WHAT TO WORK ON:
Your copy should begin at the line containing "乐高海盗船加勒比黑珍珠号拼装,乐高一共有哪些海盗船" and end at the last line of the records below, matching each line exactly and leaving out pictures.

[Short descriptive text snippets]
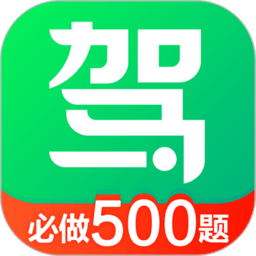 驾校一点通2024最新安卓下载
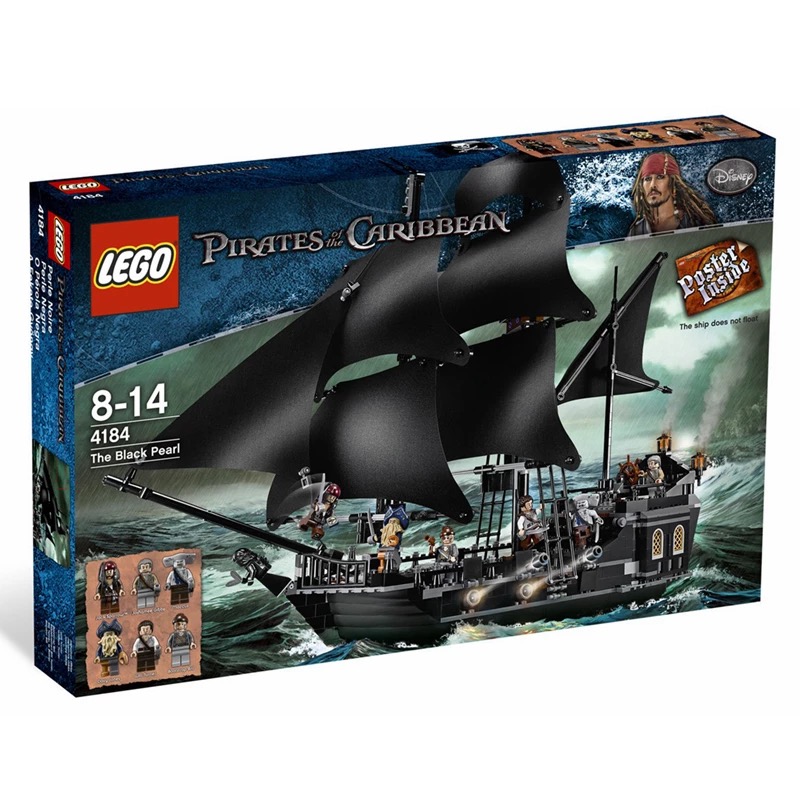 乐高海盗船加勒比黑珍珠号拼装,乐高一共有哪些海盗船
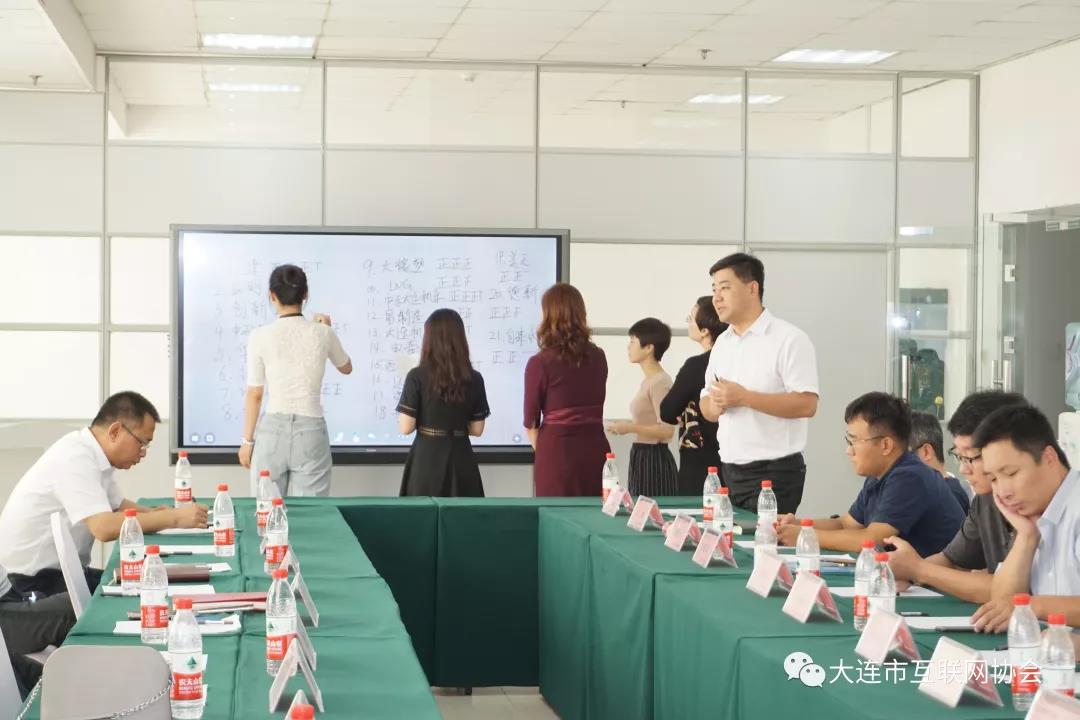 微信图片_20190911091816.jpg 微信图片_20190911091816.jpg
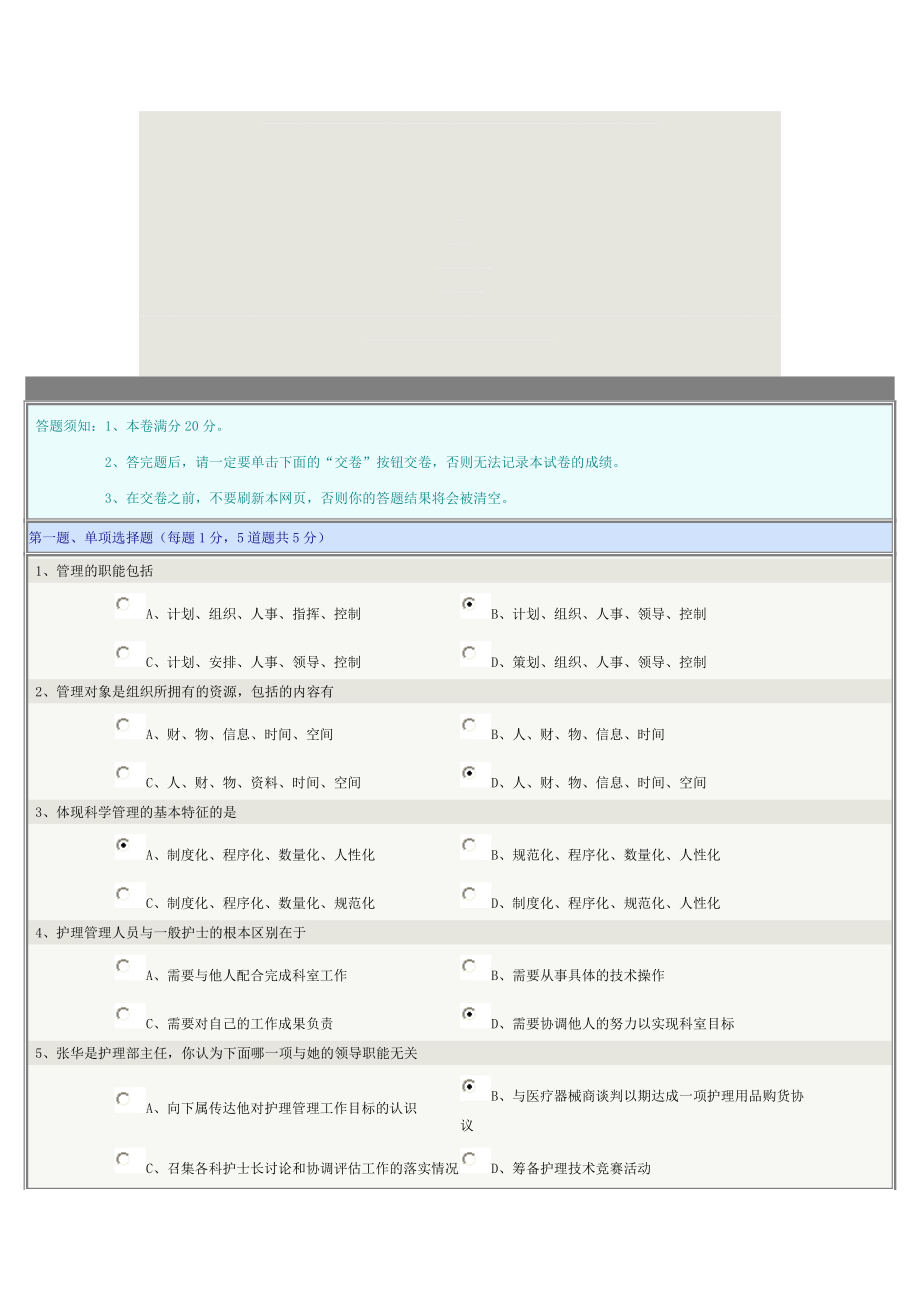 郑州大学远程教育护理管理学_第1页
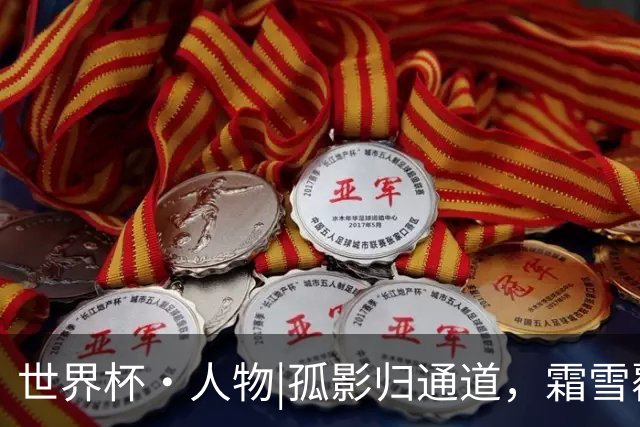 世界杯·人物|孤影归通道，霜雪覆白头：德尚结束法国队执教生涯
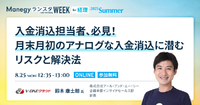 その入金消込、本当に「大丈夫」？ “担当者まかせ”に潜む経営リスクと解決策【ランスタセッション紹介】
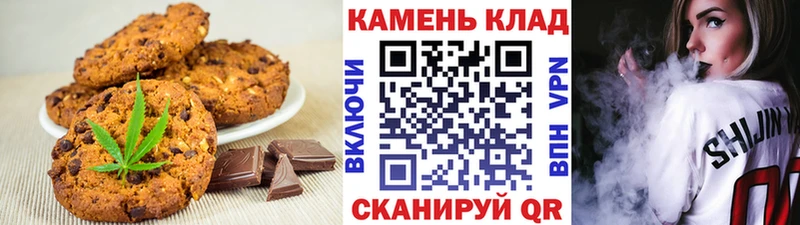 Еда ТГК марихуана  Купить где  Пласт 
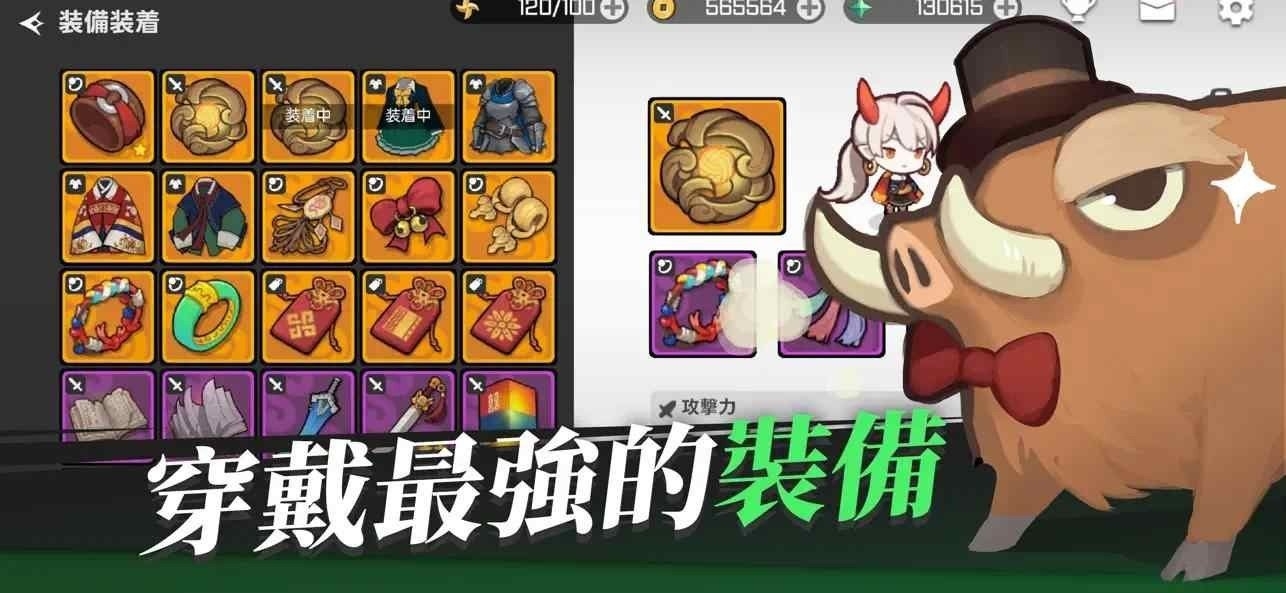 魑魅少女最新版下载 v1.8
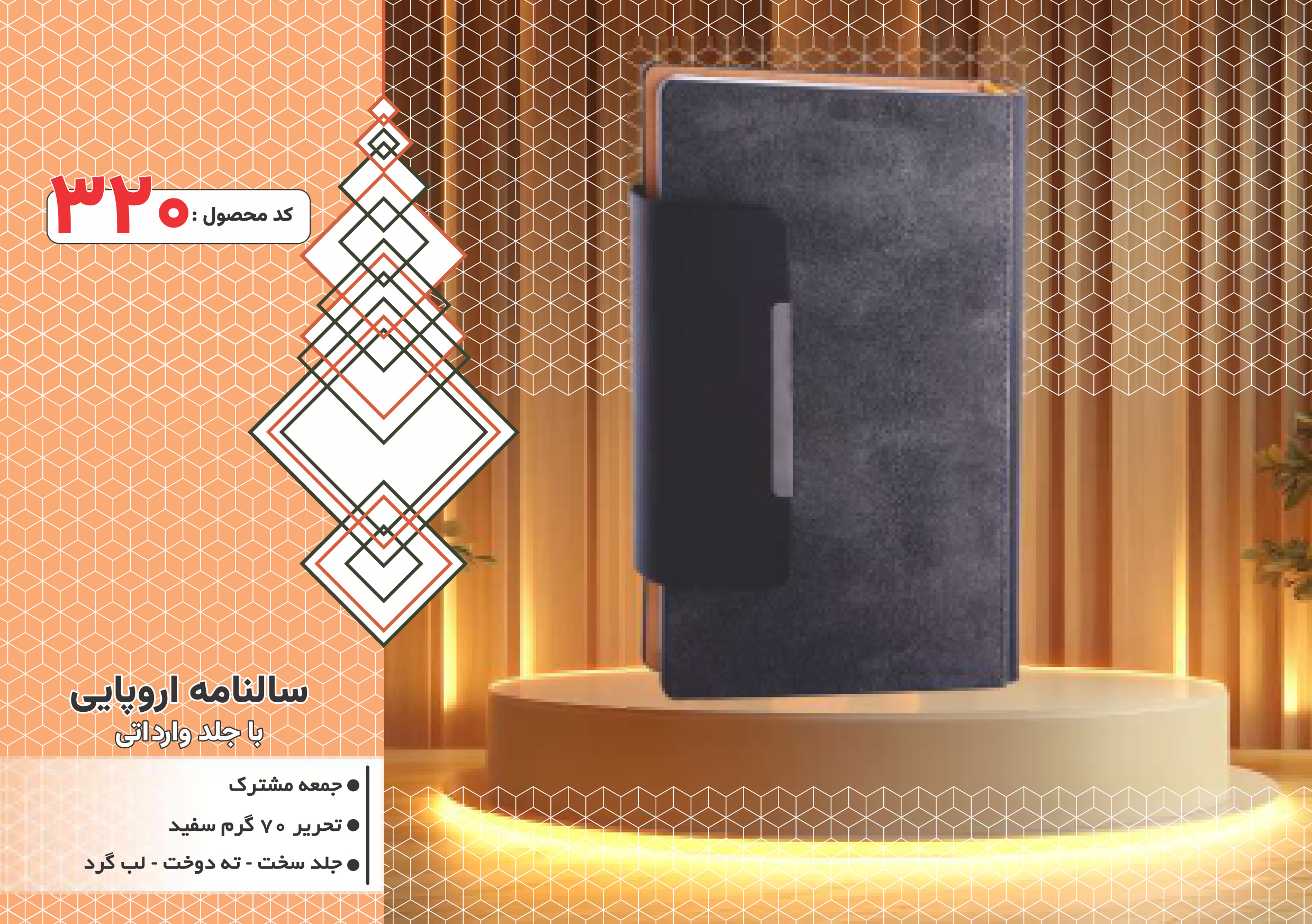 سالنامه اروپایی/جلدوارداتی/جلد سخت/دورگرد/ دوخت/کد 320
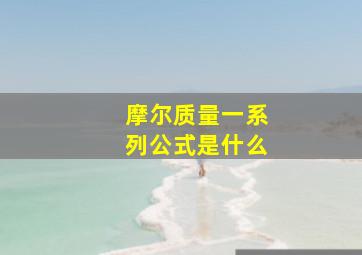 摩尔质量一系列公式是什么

RESULT FOR THIS TASK:
 乐高海盗船加勒比黑珍珠号拼装,乐高一共有哪些海盗船
 微信图片_20190911091816.jpg 微信图片_20190911091816.jpg
 郑州大学远程教育护理管理学_第1页
 世界杯·人物|孤影归通道，霜雪覆白头：德尚结束法国队执教生涯
 その入金消込、本当に「大丈夫」？ “担当者まかせ”に潜む経営リスクと解決策【ランスタセッション紹介】
 Еда ТГК марихуана  Купить где  Пласт 
 魑魅少女最新版下载 v1.8
 سالنامه اروپایی/جلدوارداتی/جلد سخت/دورگرد/ دوخت/کد 320
 摩尔质量一系列公式是什么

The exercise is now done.